The first problem we had was a deviation of the position of sources.
Since the reduction process involves a self-calibration step, the true
positions of sources is not known by definition (the self-calibration
process changes the phase in space, which is equal to a shift
in the Fourier Transform of the
space: the sky position). Only
the relative positions are known. By using a list of very accurately
measured position calibrators, the global shift of the whole field can
be calculated. Extra information is available about sources in
overlapping areas. Since neighboring fields have a strong overlap
(grid points of pointing centres overlap at half halfpower beamwidth)
a lot of information about position differences between pointing
centres can be used to shift the mosaic in a bootstrap method.

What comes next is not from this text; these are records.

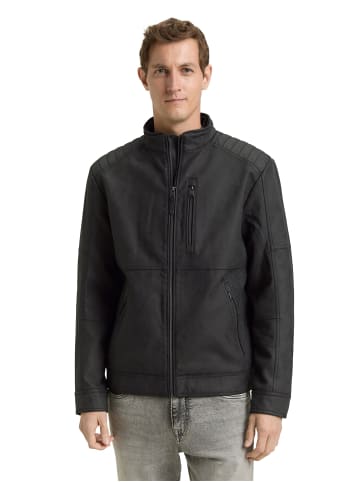 Tom Tailor Kunstlederjacke in schwarz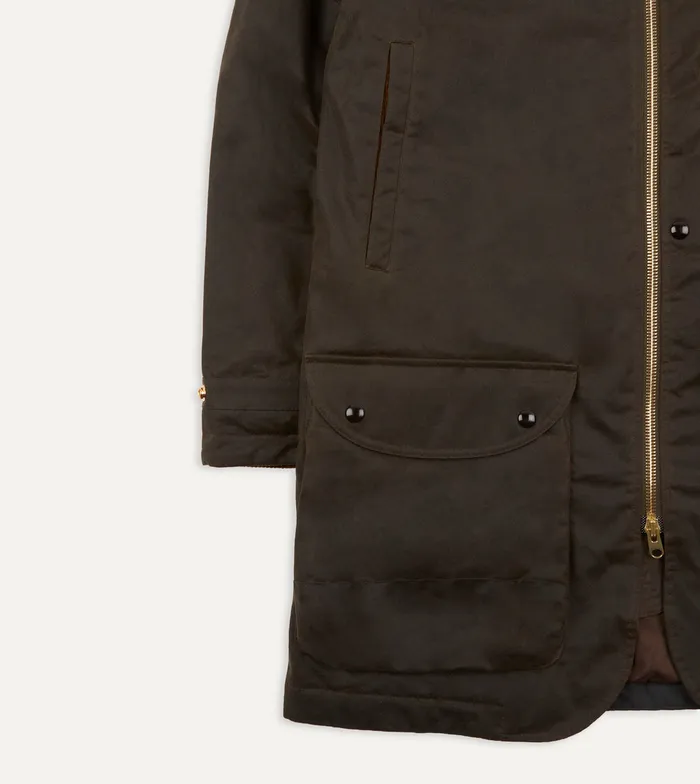 Drake039s Olive Waxed Long Coverall Jacket Men Coverall Jackets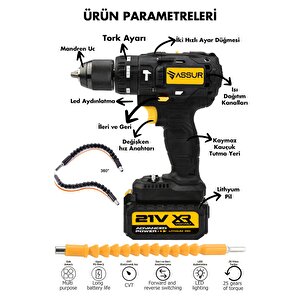21v Çift Akülü Vidalama Darbeli Matkap 82 Parça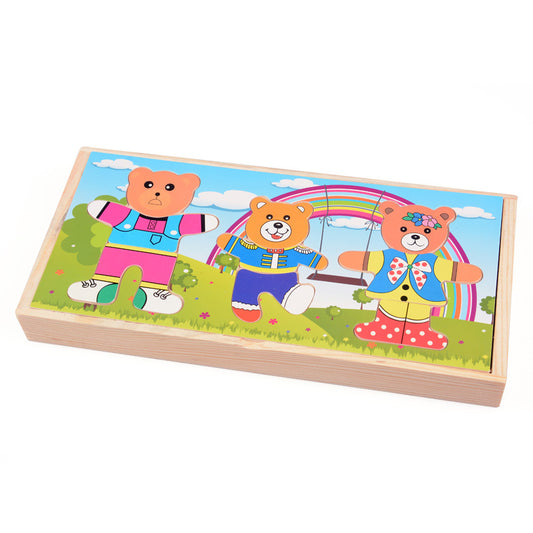 Mix and Match Wooden Bear Dressing Puzzle - Woodwork Toys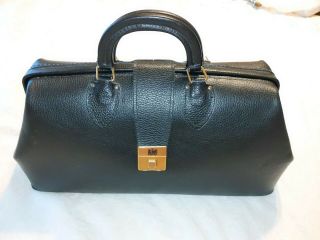 Schell Vintage Traveling Doctors Bag Satchel Black Leather 71426
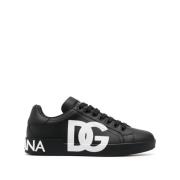 Zwarte Portofino Logo-Print Sneakers Dolce & Gabbana , Black , Heren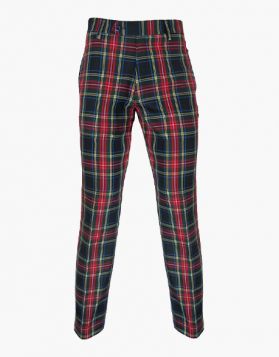 Black Stewart Tartan Trousers - Front Image 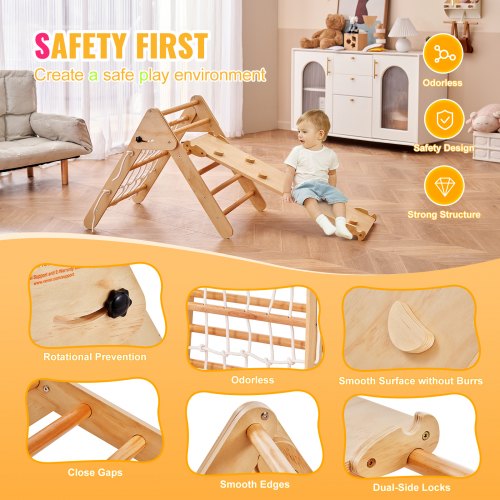 Pikler Triangle Set 4 in 1 Toddler Climbing Toys Indoor Playground Large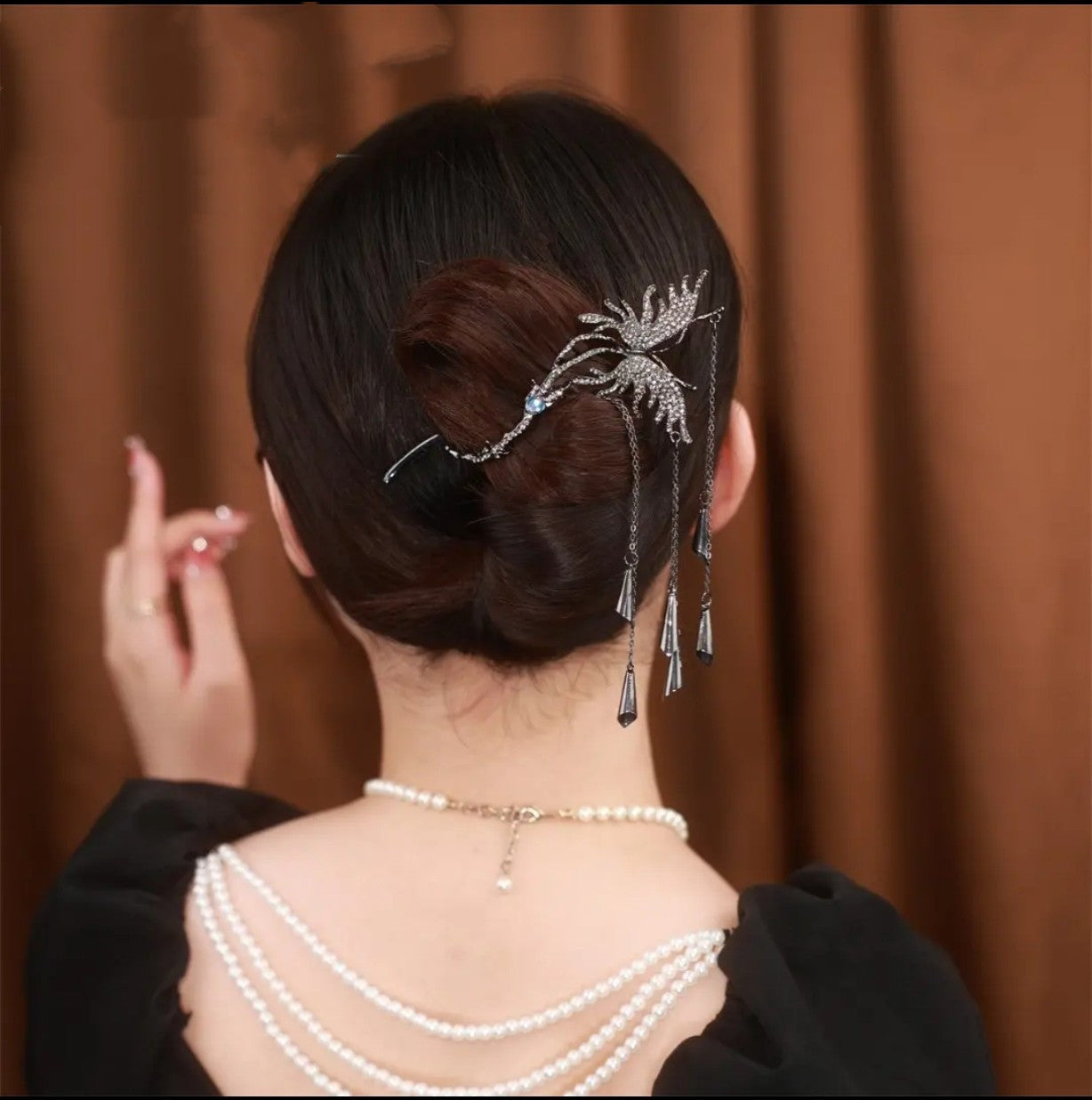 Silver Brass Alloy Butterfly Hairpin with Zircon Sparkle - Women's Hair Accessory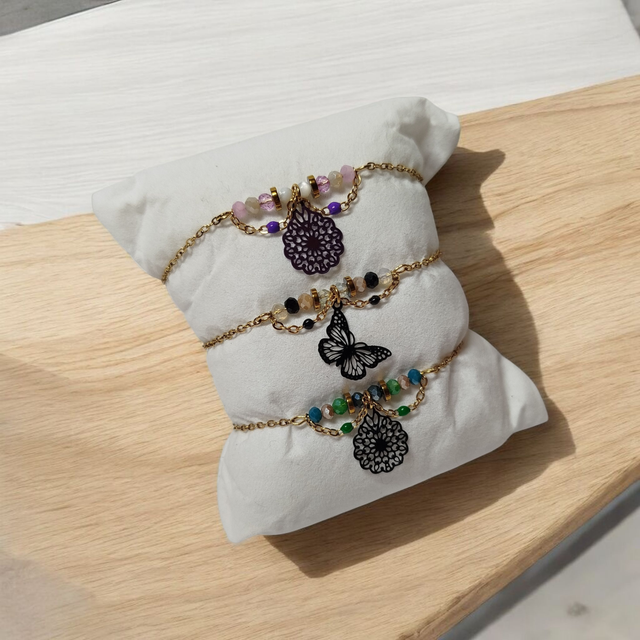 Bracelet acier inoxydable violet et doré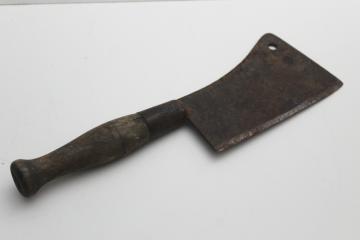 catalog photo of old antique meat cleaver, rusty steel blade for restoration - vintage butchering tool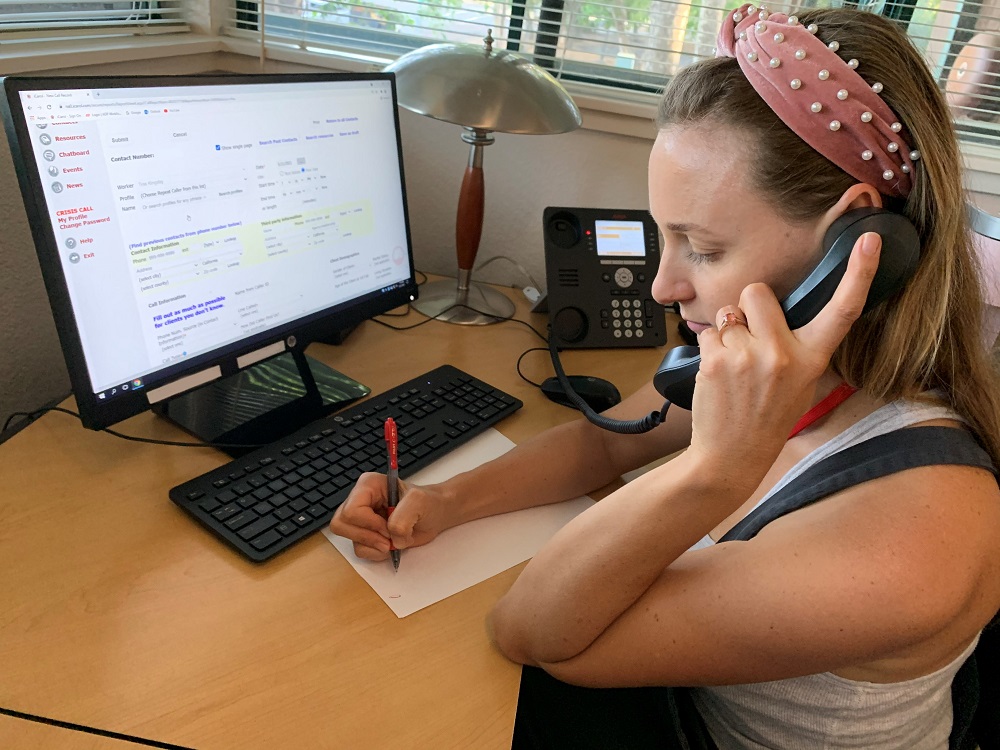 woman answering phone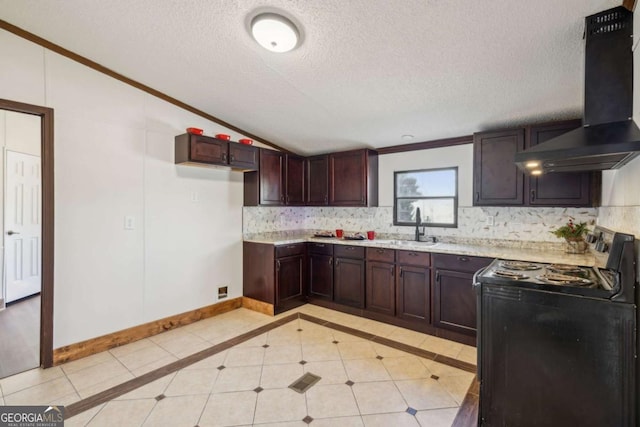 kitchen featuring extractor fan, vaulted ceiling, black electric range oven, sink, and decorative backsplash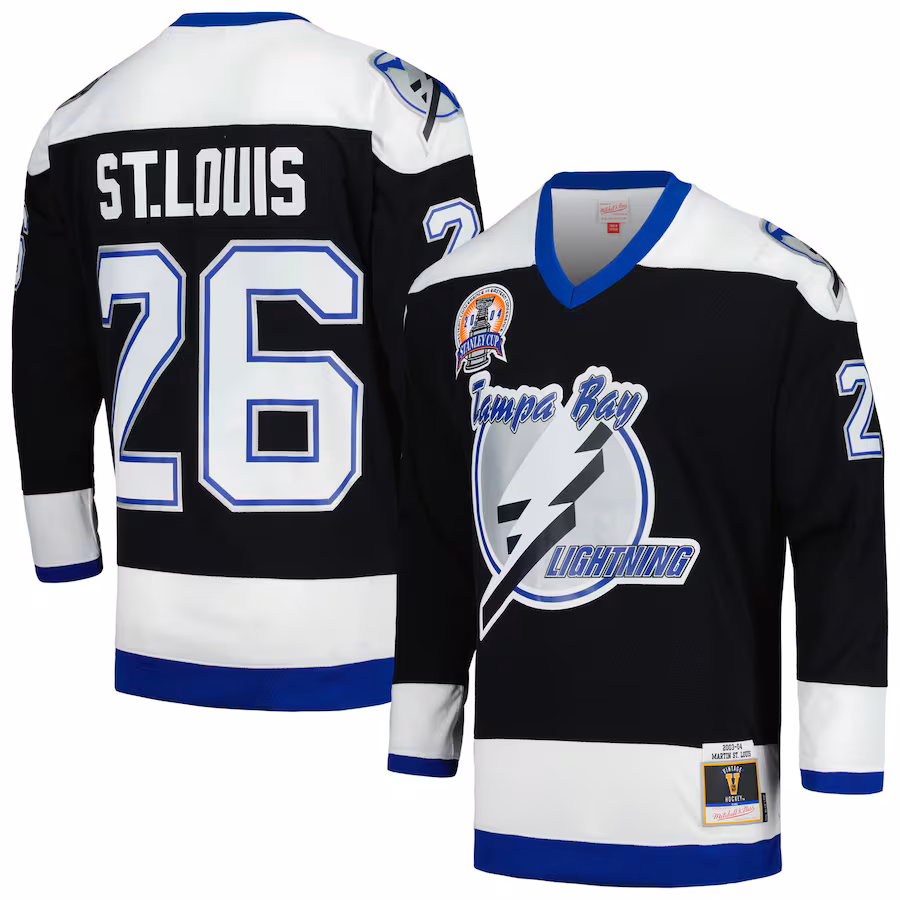Men's Tampa Bay Lightning Martin St. Louis Mitchell & Ness Black 2004 Stanley Cup Champions Blue Line Player Jersey - Jersey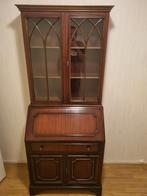 Antiek secretaire met glazen kast, Huis en Inrichting, Gebruikt, 100 tot 150 cm, Glas, Met deur(en)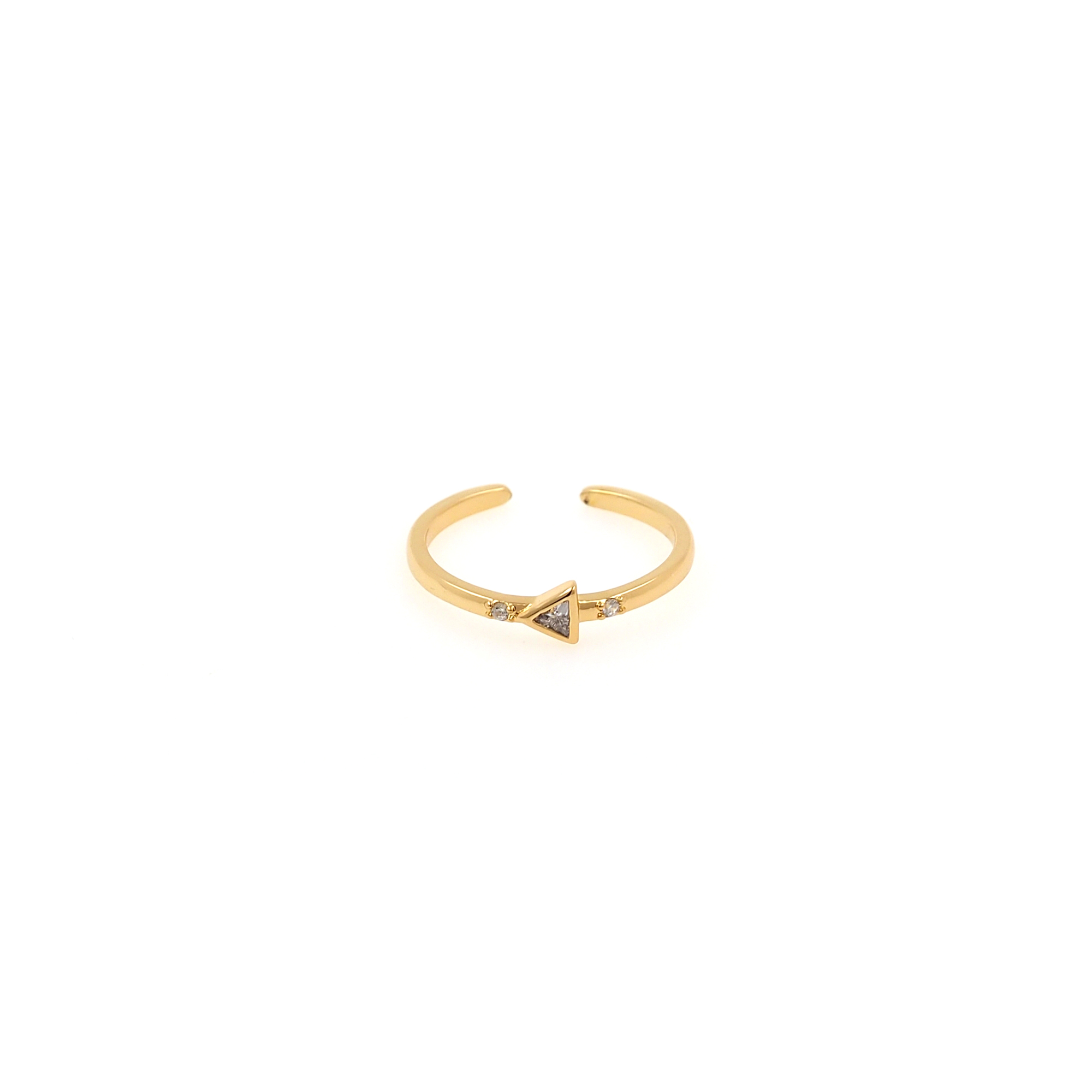 18K Gold Filled Triangle Rings,CZ Thin Ring,Adjustable Ring,Minimalist Ring,Open Ring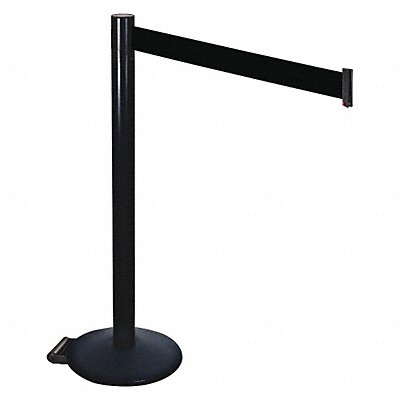 RETRACTA-BELT 335BABK Barrier Post Black Black Belt w/Wheels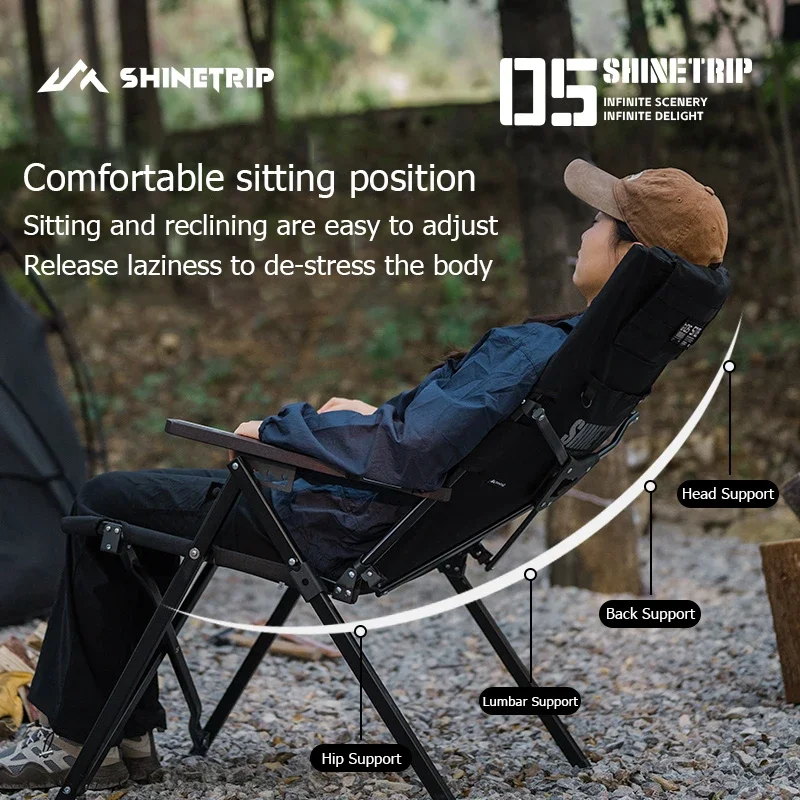 Breathable Folding Chair ShineTrip Outdoor Camping Folding Chair Portable Camping Adjustable Folding Chair Office Lunch Nap Fishing travel Picnic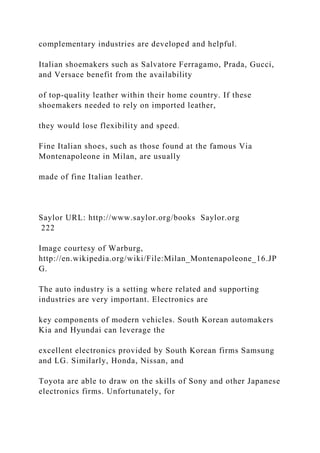 complementary industries are developed and helpful.
Italian shoemakers such as Salvatore Ferragamo, Prada, Gucci,
and Versace benefit from the availability
of top-quality leather within their home country. If these
shoemakers needed to rely on imported leather,
they would lose flexibility and speed.
Fine Italian shoes, such as those found at the famous Via
Montenapoleone in Milan, are usually
made of fine Italian leather.
Saylor URL: http://www.saylor.org/books Saylor.org
222
Image courtesy of Warburg,
http://en.wikipedia.org/wiki/File:Milan_Montenapoleone_16.JP
G.
The auto industry is a setting where related and supporting
industries are very important. Electronics are
key components of modern vehicles. South Korean automakers
Kia and Hyundai can leverage the
excellent electronics provided by South Korean firms Samsung
and LG. Similarly, Honda, Nissan, and
Toyota are able to draw on the skills of Sony and other Japanese
electronics firms. Unfortunately, for
 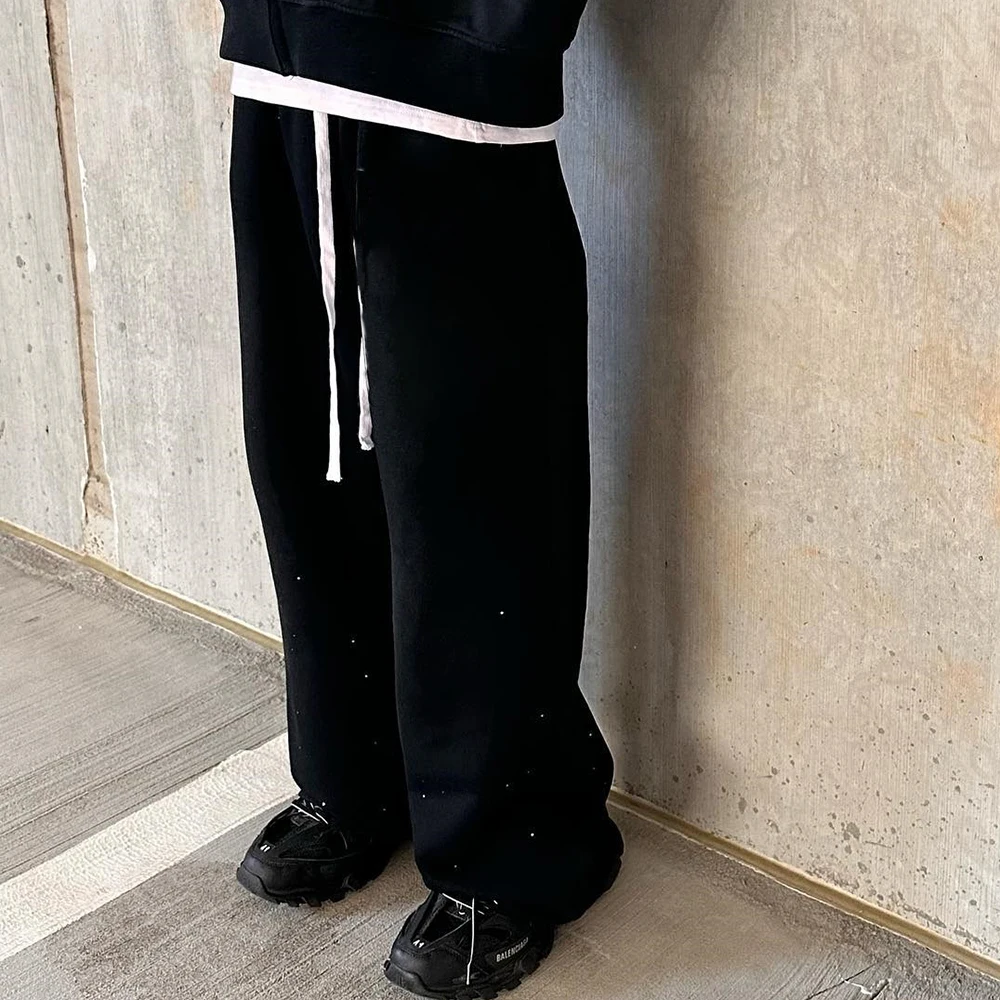 New Arrival Distressed Vintage Washed Track Jogger Pants Custom Rhinestone Men Heavyweight Cotton Wide Leg Sweatpants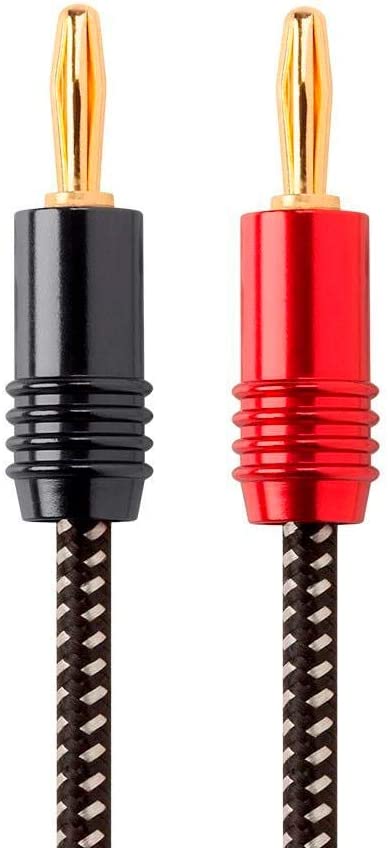 Monoprice - 134311 Premium Braided Speaker Wire 14AWG - With Gold Plated Banana Plug Connectors - Affinity Series, 1 Pack, 20 Feet Black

Since we now used 4 mosaics which lie next to each other we had a good overview of how well the mosaics were overlapping in terms of accuracy. It turned out that in these fields we had a problem that the overlapping fields from neighboring mosaics were shifted by several arcseconds. Bad positions of one or two position calibrators were ruled out, because this would imply a position difference as function of distance to the calibrator.
At this moment (September 1993) we still haven't traced the cause of the problem yet. A lot of possibilities have been proposed and tested and none of them gave a direct indication. First of all the reduction software was examined.
Somewhere in the code where the different pointings are combined (program MOSCOM in NEWSTAR) an approximation is made for the precession. Errors like these should be small, typically 0.1 arcsec. This is very small compared with the position difference we find. One other option is that the number of position calibrators that are in these mosaics is small compared with earlier low declination fields which didn't show any problem. But if the small number of calibrators is the cause then one would expect that i) large position differences are localized near position calibrators (due to the fact that the position of the calibrator isn't correct, because the centroid at 325 MHz could be different than at 8.4 GHz. This is possible if the source has got a steep spectrum halo which isn't visible at higher frequencies), ii) large position differences are localized far away from position calibrators, because many fields had to be shifted (each with their own small errors) in order to shift that particular field. The differences in positions that we see don't show such a characteristic pattern, so we have doubts about serious problems with this part of the software. A few sources were found to have this property, but the amount of calibrators we have (a few hundred) is so large that this can not be a big effect.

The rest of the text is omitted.